# What is required
In the data below, find the line containing "Backyard! ✨, Decor, Plants"; reproduce that line and all subsequent lines exactly, and nothing else.

# Data extract
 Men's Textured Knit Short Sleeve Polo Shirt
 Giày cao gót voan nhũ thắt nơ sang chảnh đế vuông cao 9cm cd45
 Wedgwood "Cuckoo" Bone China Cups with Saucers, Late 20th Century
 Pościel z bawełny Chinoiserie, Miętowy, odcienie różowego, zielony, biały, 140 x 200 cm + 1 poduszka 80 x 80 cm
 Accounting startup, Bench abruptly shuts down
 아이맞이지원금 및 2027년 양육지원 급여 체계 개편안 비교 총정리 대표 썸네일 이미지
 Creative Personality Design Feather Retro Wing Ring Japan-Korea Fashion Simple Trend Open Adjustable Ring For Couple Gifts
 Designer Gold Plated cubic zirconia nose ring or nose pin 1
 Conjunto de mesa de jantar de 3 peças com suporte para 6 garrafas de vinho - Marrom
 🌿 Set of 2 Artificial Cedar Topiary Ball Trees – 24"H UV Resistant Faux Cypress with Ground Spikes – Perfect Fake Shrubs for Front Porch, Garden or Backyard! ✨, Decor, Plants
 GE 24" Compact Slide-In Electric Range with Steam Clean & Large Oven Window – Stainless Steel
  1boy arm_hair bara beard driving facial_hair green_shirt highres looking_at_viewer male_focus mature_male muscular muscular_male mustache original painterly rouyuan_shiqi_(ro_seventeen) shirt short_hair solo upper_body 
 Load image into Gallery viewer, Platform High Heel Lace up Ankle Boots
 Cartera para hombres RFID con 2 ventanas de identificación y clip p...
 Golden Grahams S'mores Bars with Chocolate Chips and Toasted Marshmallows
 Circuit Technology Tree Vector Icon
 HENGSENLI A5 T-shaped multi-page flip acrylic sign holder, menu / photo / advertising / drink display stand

# Finished exercise
 🌿 Set of 2 Artificial Cedar Topiary Ball Trees – 24"H UV Resistant Faux Cypress with Ground Spikes – Perfect Fake Shrubs for Front Porch, Garden or Backyard! ✨, Decor, Plants
 GE 24" Compact Slide-In Electric Range with Steam Clean & Large Oven Window – Stainless Steel
  1boy arm_hair bara beard driving facial_hair green_shirt highres looking_at_viewer male_focus mature_male muscular muscular_male mustache original painterly rouyuan_shiqi_(ro_seventeen) shirt short_hair solo upper_body 
 Load image into Gallery viewer, Platform High Heel Lace up Ankle Boots
 Cartera para hombres RFID con 2 ventanas de identificación y clip p...
 Golden Grahams S'mores Bars with Chocolate Chips and Toasted Marshmallows
 Circuit Technology Tree Vector Icon
 HENGSENLI A5 T-shaped multi-page flip acrylic sign holder, menu / photo / advertising / drink display stand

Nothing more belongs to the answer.